Choose the right format.

1. CSV¶

Pros: Universal, human-readable
Cons: No type preservation, slow for large data

2. Excel¶

Pros: Business-friendly, multiple sheets
Cons: Slower, file size limits

3. Pickle¶

Pros: Fast, preserves types
Cons: Python-only, security concerns

4. Parquet¶

Pros: Fast, compressed, columnar
Cons: Less universal

Exercises¶

Exercise 1. Create a DataFrame with columns 'ticker', 'date', and 'close' containing three rows of sample stock data. Save it to a CSV file without the index, then read it back and verify the data matches the original.

Solution to Exercise 1

Save with index=False and read back with pd.read_csv.

import pandas as pd

df = pd.DataFrame({
    'ticker': ['AAPL', 'MSFT', 'GOOGL'],
    'date': ['2024-01-01', '2024-01-01', '2024-01-01'],
    'close': [150.0, 350.0, 140.0]
})
df.to_csv('stocks.csv', index=False)
df_loaded = pd.read_csv('stocks.csv')
print(df_loaded)
print(df.equals(df_loaded))  # True

Exercise 2. Given a dictionary of three DataFrames (one per ticker), write them to a single Excel file where each ticker has its own sheet. Use pd.ExcelWriter as a context manager.

Solution to Exercise 2

Use pd.ExcelWriter with each DataFrame written to a named sheet.

import pandas as pd
import numpy as np

dfs = {
    'AAPL': pd.DataFrame({'close': np.random.uniform(140, 160, 5)}),
    'MSFT': pd.DataFrame({'close': np.random.uniform(340, 360, 5)}),
    'GOOGL': pd.DataFrame({'close': np.random.uniform(130, 150, 5)}),
}

with pd.ExcelWriter('portfolio.xlsx') as writer:
    for ticker, df in dfs.items():
        df.to_excel(writer, sheet_name=ticker, index=False)

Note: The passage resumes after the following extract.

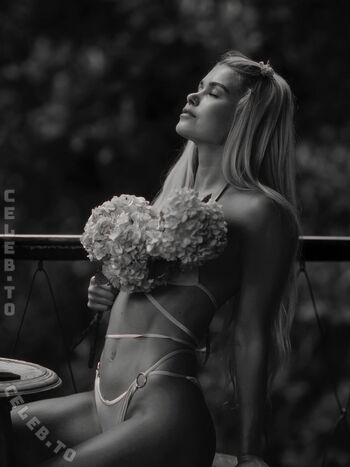 Pamela reif page 3 image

Exercise 3. Create a DataFrame with 1000 rows and columns 'id' (int), 'value' (float), and 'category' (string). Save it as both CSV and Parquet. Compare the file sizes and explain why Parquet is typically smaller.

Solution to Exercise 3

Create sample data, save in both formats, and compare sizes.

import pandas as pd
import numpy as np
import os

np.random.seed(42)
df = pd.DataFrame({
    'id': range(1000),
    'value': np.random.randn(1000),
    'category': np.random.choice(['A', 'B', 'C'], 1000)
})

df.to_csv('data.csv', index=False)
df.to_parquet('data.parquet')

csv_size = os.path.getsize('data.csv')
parquet_size = os.path.getsize('data.parquet')
print(f"CSV size: {csv_size / 1e3:.1f} KB")
print(f"Parquet size: {parquet_size / 1e3:.1f} KB")
# Parquet is smaller because it uses columnar storage
# with built-in compression and schema encoding.